[RECORDS SHOWN Boundary: Start]

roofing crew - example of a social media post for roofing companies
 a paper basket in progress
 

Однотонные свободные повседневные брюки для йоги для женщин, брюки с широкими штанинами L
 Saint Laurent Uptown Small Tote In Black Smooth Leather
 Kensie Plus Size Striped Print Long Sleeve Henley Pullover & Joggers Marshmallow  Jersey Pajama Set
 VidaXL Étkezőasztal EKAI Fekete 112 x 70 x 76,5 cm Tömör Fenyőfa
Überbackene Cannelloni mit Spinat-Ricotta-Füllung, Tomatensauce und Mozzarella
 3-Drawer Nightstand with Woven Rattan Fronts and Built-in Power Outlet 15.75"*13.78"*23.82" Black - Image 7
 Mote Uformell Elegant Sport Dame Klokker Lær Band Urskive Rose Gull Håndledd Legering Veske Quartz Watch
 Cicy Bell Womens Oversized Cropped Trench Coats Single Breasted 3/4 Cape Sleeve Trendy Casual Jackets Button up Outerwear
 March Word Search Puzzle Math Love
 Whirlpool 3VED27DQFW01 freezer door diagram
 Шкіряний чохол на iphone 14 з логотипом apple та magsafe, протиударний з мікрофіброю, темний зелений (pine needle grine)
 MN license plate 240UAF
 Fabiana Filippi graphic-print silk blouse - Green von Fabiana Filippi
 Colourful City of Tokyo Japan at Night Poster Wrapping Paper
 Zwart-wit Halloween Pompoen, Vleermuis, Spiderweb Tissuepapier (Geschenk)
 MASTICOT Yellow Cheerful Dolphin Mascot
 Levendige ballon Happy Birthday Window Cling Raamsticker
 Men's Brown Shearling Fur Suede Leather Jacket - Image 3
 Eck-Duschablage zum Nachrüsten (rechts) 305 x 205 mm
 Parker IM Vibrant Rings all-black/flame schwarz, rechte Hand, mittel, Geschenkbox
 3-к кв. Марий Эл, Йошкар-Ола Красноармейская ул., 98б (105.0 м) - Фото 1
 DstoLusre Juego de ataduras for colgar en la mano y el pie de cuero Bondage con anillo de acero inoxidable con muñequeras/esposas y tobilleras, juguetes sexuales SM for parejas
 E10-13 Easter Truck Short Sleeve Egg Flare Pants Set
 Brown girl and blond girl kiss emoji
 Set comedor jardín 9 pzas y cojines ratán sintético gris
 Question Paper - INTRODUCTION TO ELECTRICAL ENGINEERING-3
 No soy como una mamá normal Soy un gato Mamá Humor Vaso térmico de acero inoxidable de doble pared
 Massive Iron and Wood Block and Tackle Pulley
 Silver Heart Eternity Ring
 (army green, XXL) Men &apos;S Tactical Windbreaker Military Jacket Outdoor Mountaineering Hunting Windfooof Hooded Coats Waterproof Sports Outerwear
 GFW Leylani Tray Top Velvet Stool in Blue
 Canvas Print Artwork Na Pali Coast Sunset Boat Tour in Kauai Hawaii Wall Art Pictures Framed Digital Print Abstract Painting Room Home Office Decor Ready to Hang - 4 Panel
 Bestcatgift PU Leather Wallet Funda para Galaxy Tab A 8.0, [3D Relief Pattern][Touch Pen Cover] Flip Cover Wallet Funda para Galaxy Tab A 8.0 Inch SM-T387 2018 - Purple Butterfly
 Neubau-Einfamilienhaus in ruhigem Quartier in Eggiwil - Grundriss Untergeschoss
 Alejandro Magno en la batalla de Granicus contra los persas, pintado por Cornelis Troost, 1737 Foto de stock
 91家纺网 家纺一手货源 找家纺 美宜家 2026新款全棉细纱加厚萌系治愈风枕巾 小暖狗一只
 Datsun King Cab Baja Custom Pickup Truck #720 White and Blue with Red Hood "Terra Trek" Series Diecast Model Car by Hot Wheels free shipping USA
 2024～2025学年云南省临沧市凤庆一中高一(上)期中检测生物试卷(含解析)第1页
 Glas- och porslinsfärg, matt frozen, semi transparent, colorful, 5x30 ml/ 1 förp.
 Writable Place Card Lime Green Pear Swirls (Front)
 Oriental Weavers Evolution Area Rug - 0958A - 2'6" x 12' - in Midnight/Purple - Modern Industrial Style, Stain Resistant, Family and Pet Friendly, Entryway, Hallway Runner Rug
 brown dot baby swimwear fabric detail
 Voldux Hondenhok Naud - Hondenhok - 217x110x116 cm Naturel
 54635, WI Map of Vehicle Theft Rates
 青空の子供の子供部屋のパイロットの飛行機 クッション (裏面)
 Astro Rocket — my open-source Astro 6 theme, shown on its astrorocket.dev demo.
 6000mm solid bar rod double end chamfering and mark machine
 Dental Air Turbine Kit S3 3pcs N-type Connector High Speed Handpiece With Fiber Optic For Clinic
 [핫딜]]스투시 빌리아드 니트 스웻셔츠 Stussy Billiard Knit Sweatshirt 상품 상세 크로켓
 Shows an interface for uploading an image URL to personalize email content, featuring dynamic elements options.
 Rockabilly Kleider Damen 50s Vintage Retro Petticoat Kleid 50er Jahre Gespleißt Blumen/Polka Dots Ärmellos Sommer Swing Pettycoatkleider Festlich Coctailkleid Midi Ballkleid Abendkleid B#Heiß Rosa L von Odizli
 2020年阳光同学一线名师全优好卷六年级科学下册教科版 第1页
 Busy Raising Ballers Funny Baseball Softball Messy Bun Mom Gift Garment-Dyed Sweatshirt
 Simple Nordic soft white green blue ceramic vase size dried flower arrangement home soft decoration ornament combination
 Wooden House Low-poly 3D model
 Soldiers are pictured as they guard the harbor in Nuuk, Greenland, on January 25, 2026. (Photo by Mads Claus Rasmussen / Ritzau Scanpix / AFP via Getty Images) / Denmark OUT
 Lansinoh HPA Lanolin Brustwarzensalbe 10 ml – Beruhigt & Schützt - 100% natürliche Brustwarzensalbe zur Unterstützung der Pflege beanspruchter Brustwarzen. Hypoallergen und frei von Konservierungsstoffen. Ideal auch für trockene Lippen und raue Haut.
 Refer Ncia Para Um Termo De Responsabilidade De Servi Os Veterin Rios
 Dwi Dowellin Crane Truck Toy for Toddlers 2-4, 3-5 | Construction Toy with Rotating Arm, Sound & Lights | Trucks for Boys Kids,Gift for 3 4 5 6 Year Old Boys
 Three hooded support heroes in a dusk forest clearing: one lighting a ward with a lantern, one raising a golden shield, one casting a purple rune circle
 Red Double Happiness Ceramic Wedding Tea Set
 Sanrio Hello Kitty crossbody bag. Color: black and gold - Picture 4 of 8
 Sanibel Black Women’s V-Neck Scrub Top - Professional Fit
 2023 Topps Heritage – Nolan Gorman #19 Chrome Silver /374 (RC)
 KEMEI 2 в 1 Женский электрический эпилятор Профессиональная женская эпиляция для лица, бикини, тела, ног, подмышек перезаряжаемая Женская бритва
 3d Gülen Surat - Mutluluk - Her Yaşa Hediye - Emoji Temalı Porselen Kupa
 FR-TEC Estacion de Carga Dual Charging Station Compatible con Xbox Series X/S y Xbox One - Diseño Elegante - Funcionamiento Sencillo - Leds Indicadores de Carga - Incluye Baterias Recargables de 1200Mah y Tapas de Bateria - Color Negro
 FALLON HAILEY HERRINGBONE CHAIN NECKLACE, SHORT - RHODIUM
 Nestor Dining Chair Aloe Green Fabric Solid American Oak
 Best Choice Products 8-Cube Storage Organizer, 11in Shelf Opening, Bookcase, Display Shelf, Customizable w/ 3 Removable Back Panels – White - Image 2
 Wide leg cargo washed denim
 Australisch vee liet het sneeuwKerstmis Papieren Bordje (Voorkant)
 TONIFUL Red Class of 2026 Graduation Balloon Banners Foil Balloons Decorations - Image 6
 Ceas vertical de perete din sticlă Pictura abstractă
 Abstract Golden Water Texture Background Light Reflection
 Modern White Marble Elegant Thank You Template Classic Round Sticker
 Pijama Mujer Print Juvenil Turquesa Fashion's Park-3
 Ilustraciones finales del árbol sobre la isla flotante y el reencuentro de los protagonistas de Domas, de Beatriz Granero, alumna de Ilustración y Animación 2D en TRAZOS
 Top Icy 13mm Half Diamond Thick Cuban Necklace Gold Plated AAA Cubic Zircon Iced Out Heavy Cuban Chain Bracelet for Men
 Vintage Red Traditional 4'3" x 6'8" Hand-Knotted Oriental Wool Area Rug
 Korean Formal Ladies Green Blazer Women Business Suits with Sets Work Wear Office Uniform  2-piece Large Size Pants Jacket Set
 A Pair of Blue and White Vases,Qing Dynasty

[RECORDS SHOWN Boundary: End]

**WHAT IS EXPECTED**.
From the listing above, output exactly the run of lines that starts with the line containing "Silver Heart Eternity Ring" and ends with the line containing "Dental Air Turbine".

**RESPONSE**.
 Silver Heart Eternity Ring
 (army green, XXL) Men &apos;S Tactical Windbreaker Military Jacket Outdoor Mountaineering Hunting Windfooof Hooded Coats Waterproof Sports Outerwear
 GFW Leylani Tray Top Velvet Stool in Blue
 Canvas Print Artwork Na Pali Coast Sunset Boat Tour in Kauai Hawaii Wall Art Pictures Framed Digital Print Abstract Painting Room Home Office Decor Ready to Hang - 4 Panel
 Bestcatgift PU Leather Wallet Funda para Galaxy Tab A 8.0, [3D Relief Pattern][Touch Pen Cover] Flip Cover Wallet Funda para Galaxy Tab A 8.0 Inch SM-T387 2018 - Purple Butterfly
 Neubau-Einfamilienhaus in ruhigem Quartier in Eggiwil - Grundriss Untergeschoss
 Alejandro Magno en la batalla de Granicus contra los persas, pintado por Cornelis Troost, 1737 Foto de stock
 91家纺网 家纺一手货源 找家纺 美宜家 2026新款全棉细纱加厚萌系治愈风枕巾 小暖狗一只
 Datsun King Cab Baja Custom Pickup Truck #720 White and Blue with Red Hood "Terra Trek" Series Diecast Model Car by Hot Wheels free shipping USA
 2024～2025学年云南省临沧市凤庆一中高一(上)期中检测生物试卷(含解析)第1页
 Glas- och porslinsfärg, matt frozen, semi transparent, colorful, 5x30 ml/ 1 förp.
 Writable Place Card Lime Green Pear Swirls (Front)
 Oriental Weavers Evolution Area Rug - 0958A - 2'6" x 12' - in Midnight/Purple - Modern Industrial Style, Stain Resistant, Family and Pet Friendly, Entryway, Hallway Runner Rug
 brown dot baby swimwear fabric detail
 Voldux Hondenhok Naud - Hondenhok - 217x110x116 cm Naturel
 54635, WI Map of Vehicle Theft Rates
 青空の子供の子供部屋のパイロットの飛行機 クッション (裏面)
 Astro Rocket — my open-source Astro 6 theme, shown on its astrorocket.dev demo.
 6000mm solid bar rod double end chamfering and mark machine
 Dental Air Turbine Kit S3 3pcs N-type Connector High Speed Handpiece With Fiber Optic For Clinic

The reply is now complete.